Thursday, August 27, 2009

Medicare arguments - redux

I was living in Regina, Saskatchewan in 1960 - 61 during the “doctor strike” there. The NDP’s Saskatchewan plan was based on the Scandinavian and British ones. The doctors lost, and the rest, as they say, is history. But the naysayers were loud and determined to stop it, as were the Saskatchewan Medical Association. I recall a hilarious cartoon in the Regina Leader Post, depicting an African” witch doctor” applying for a position at the hospital there.
However, it was not long after the strike was over that the doctors noticed that their incomes actually increased, and they had no fee collection problems any longer, and the complaints ended both from doctors and patients.

When the Canada Medicare was introduced by Lester Pearson’s government, there was less opposition because of Saskatchewan’s pioneering experiment. In this area we did leapfrog the Americans, not imitate them, as we do in most other areas.

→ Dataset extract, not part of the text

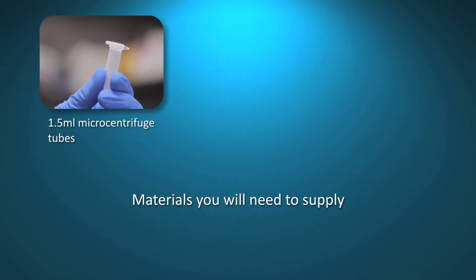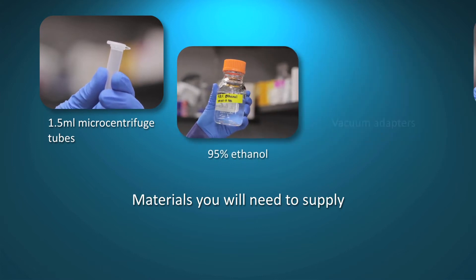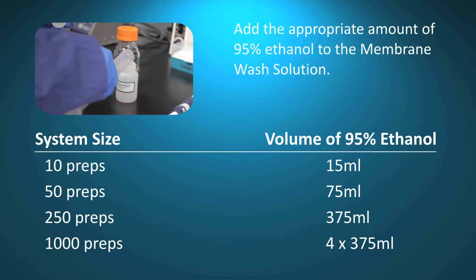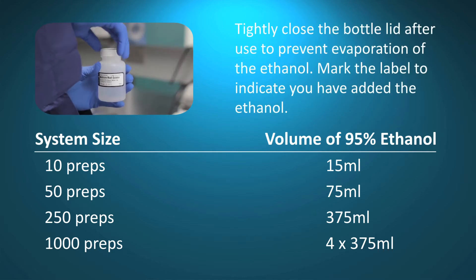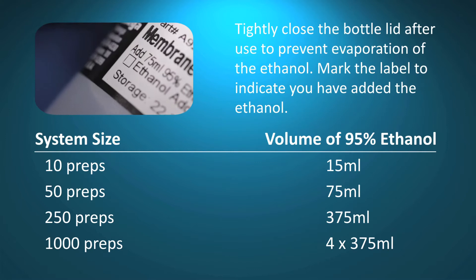To begin, gather 1.5 milliliter micro centrifuge tubes, 95% ethanol, and vacuum adapters. Add the indicated volume of 95% ethanol to the membrane wash solution, then record this addition on the bottle label. Tightly close the bottle cap after each use to prevent evaporation.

Some abuse of the system is inevitable, both by doctors and by patients. I recall growing up in a small village in Western Norway, where the doctor held court each Wednesday, in a local office. In those days, housewives did not work, and village life got rather boring at times. Thus, the highlight of their week was Wednesday’s doctor visit, and a standing joke was that one Wednesday, Mary, one of the regulars, was missing from the doctor’s waiting room. When one of the ladies asked where Mary was, she was told that she could not come because she was sick (!). There was more than a little truth in that one. Yet, who is to judge if you need to see the doctor. Not the doctor; once you are there, you have all ready usurped his allotted patient time.